Das Grundsteuer­modell ist bei der Digitalisierung entscheidend

Ob sich für Unternehmen Digitalisierungs­maßnahmen lohnen, hängt auch davon ab, welches Grundsteuer­modell im jeweiligen Bundes­land zugrunde gelegt wird. Bei Unternehmen in Bayern, Hamburg, Hessen und Niedersachsen ist der Digitalisierungs­fortschritt aktuell am höchsten. 40 Prozent der Unternehmen setzen Digitalisierungs­maßnahmen um. Diese Bundes­länder unterliegen einem Äquivalenz­modell, bei dem das Grundvermögen nach der Fläche des Grund und Bodens sowie des Gebäudes berechnet und teilweise durch einen Lagefaktor angepasst wird. Das Bodenwert­modell, das in Baden-Württemberg zukünftig gilt, hingegen bildet das Schlusslicht bei der Digitalisierung. Nur 28 Prozent der betroffenen Unternehmen gaben an, aufgrund der Reform Digitalisierungs­maßnahmen zu ergreifen. Ursache dafür könnte die Einfach­heit des Bodenwert­modells sein. Es erfordert nur wenige Daten und ist durch eine simple Berechnung gekennzeichnet. Gleichzeitig kann jedoch auch das als am komplexesten geltende Bundes­modell nur mäßig, nämlich 34 Prozent der Unternehmen, zur Digitalisierung motivieren.

Das German Business Panel befragt monatlich mehr als 800 Unternehmen zur Unternehmens­lage in Deutschland und erhebt dabei Daten zu 1) erwarteten Umsatz-, Gewinn- und Investitions­änderungen, 2) unternehmerischen Entscheidungen, 3) der erwarteten Ausfallwahrscheinlichkeit in der Branche und 4) der Zufriedenheit mit der Wirtschafspolitik.
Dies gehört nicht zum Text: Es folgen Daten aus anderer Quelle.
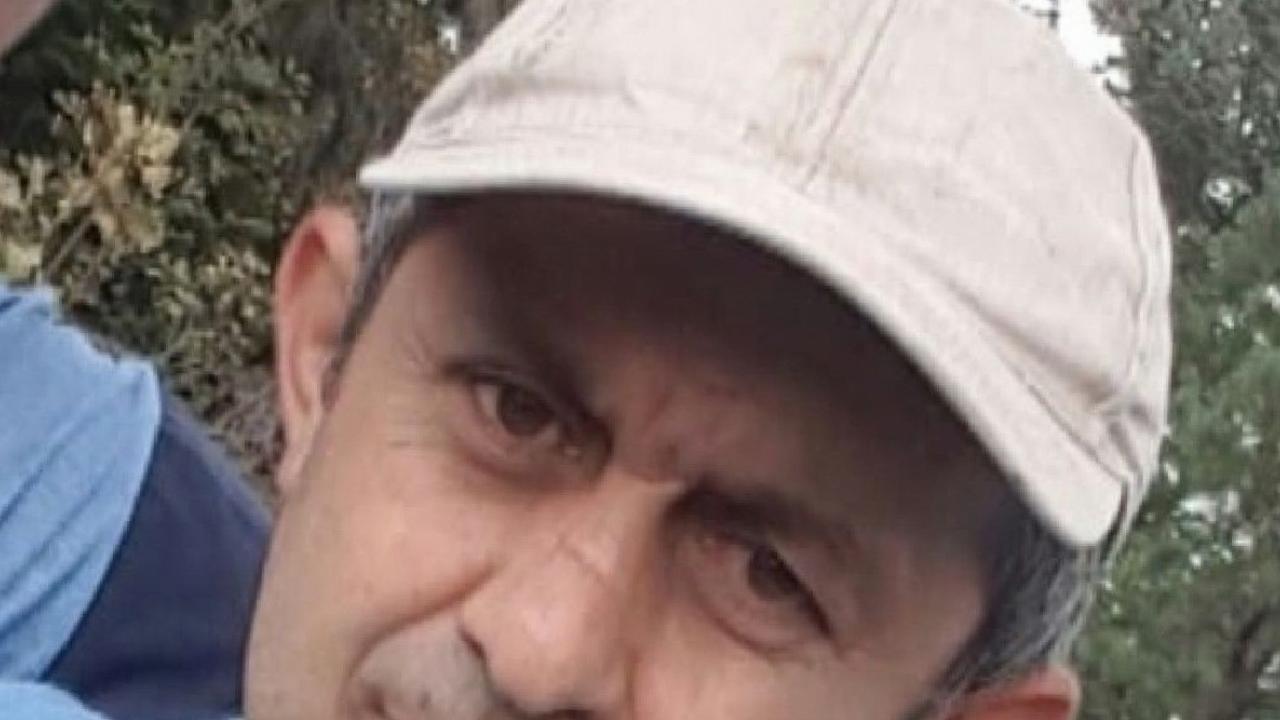 Bolu'da kestiği ağacın altında kalan vatandaş öldü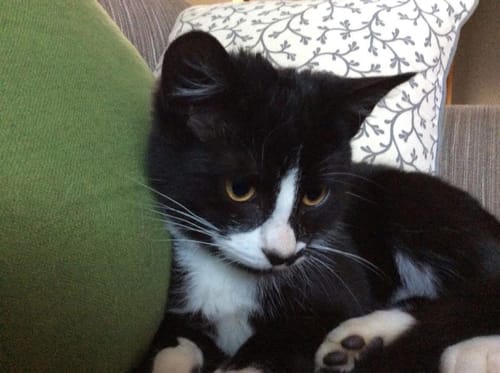 Customer photo review of 3 Month Supply - 1 Cat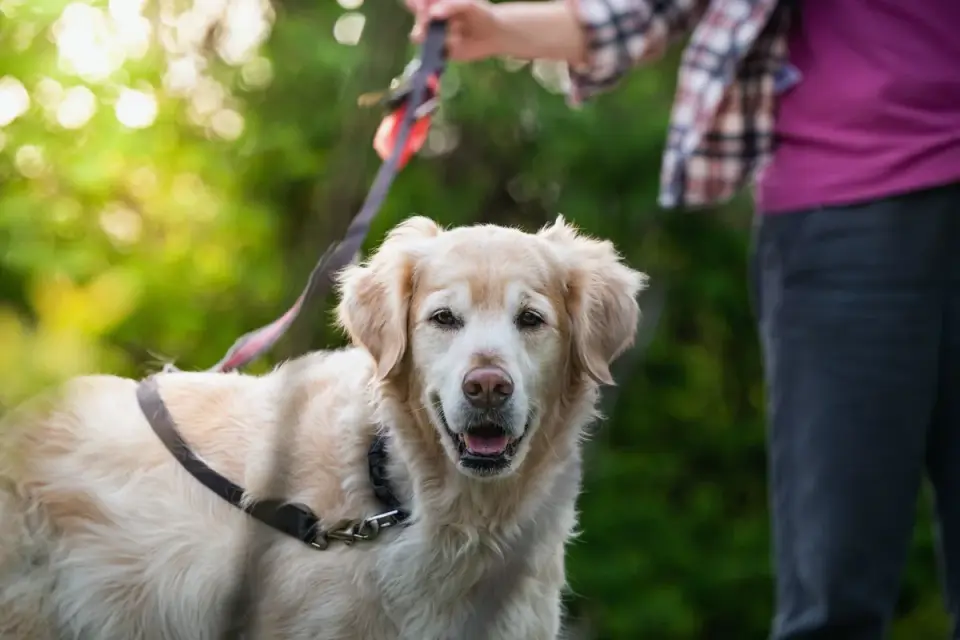 Senior dog walking with an owner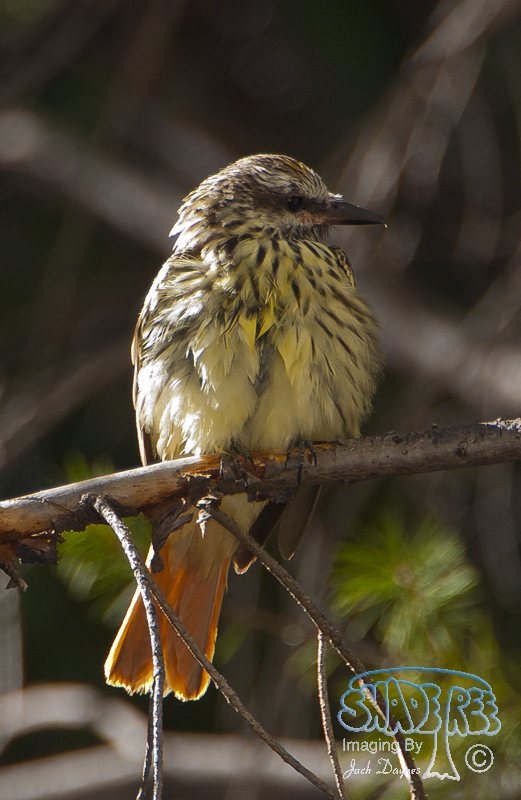 Sulphur-Bellied Flycatcher - Myiodynastes luteiventris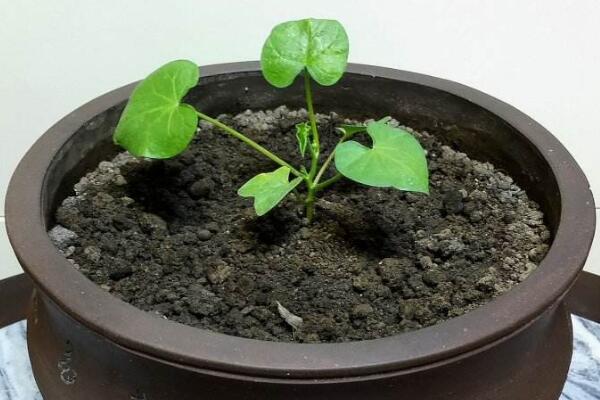 矮牽牛花種子播種方法，只需要簡單的5步即可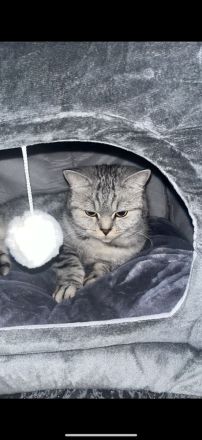 Bkh Katze 4 Jahre alt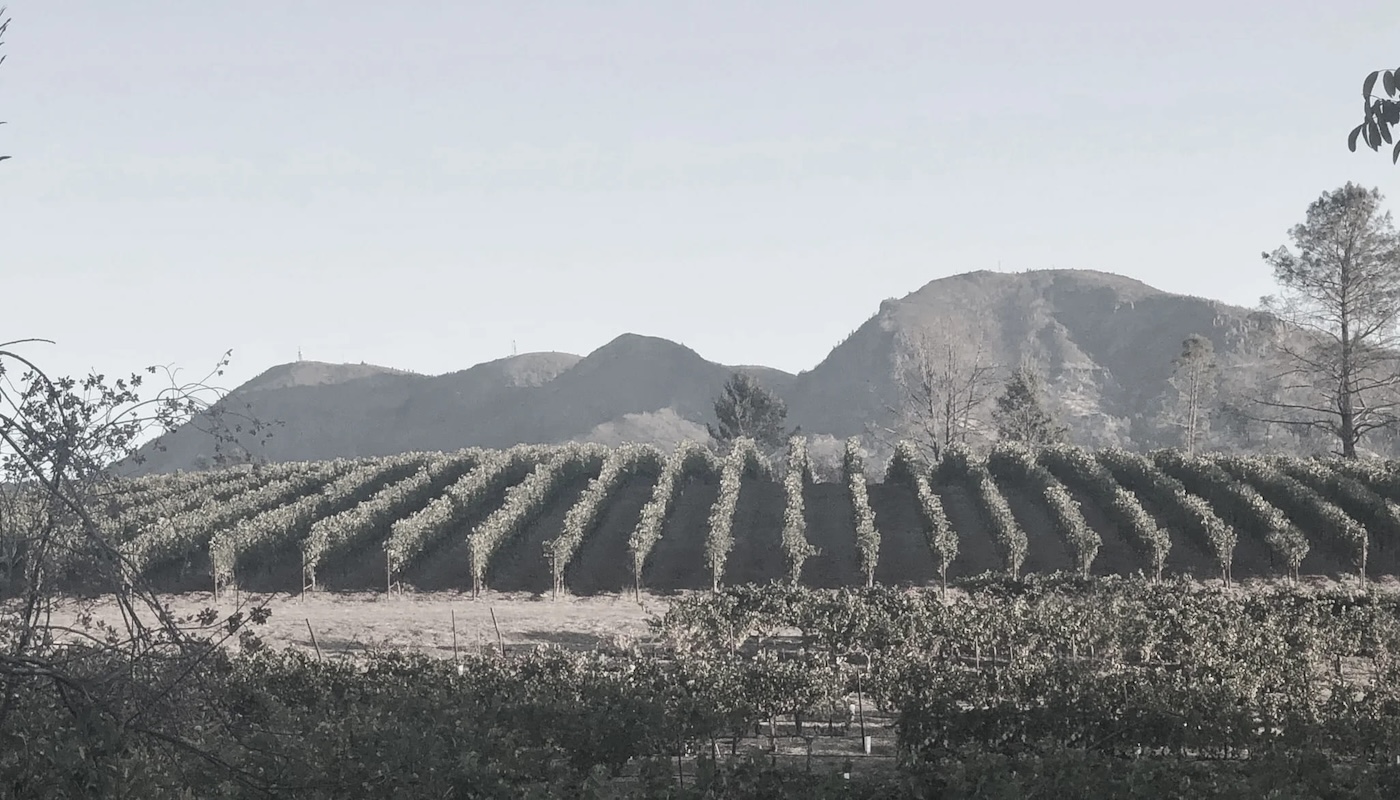 the wager vineyards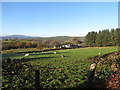 Grazing sheep on farmland separating Upper Knockbarragh Road and Levallyreagh Road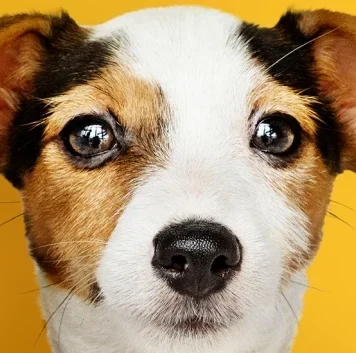 Il significato del sogno: cosa significa quando sogni cani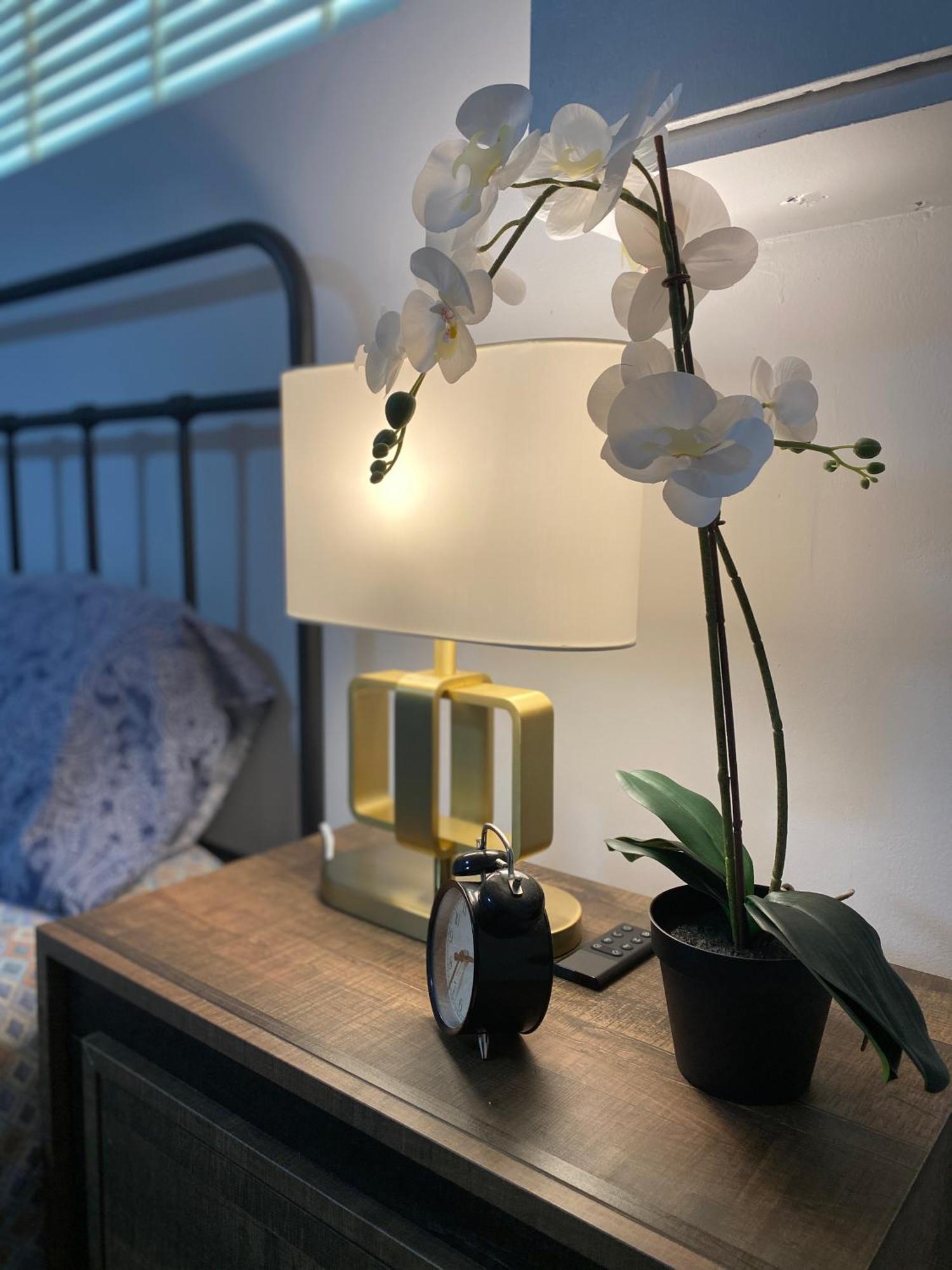 Newly Renovated Elephant Close To Banff And Business Center Villa Calgary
Zudem wird jeden Monat zu besonders aktuellen Fragen berichtet.

Das German Business Panel ist ein langfristiges Befragungs­panel des DFG-geförderten überregionalen Projektes „Accounting for Transparency“ (www.accounting-for-transparency.de). Der Sonderforschungs­bereich (SFB) „TRR 266 Accounting for Transparency“ startete im Juli 2019 und wird von der Deutschen Forschungs­gemeinschaft (DFG) für zunächst vier Jahre gefördert. Er ist der erste SFB mit betriebs­wirtschaft­lichem Schwerpunkt. Am SFB sind rund 100 Wissenschaft­ler von neun Universitäten beteiligt: Universität Paderborn (Sprecherhochschule), Humboldt-Universität zu Berlin und Universität Mannheim, zudem Forscher von der Ludwig-Maximilians-Universität München sowie der ESMT Berlin, Frankfurt School of Finance & Management, Goethe-Universität Frankfurt am Main und WHU – Otto Beisheim School of Management. Die Forscher untersuchen, wie Rechnungs­wesen und Besteuerung die Transparenz von Unternehmen beeinflussen und wie sich Regulierungen und Unternehmens­transparenz auf Wirtschaft und Gesellschaft auswirken. Das Fördervolumen des SFBs beträgt rund 12 Millionen Euro.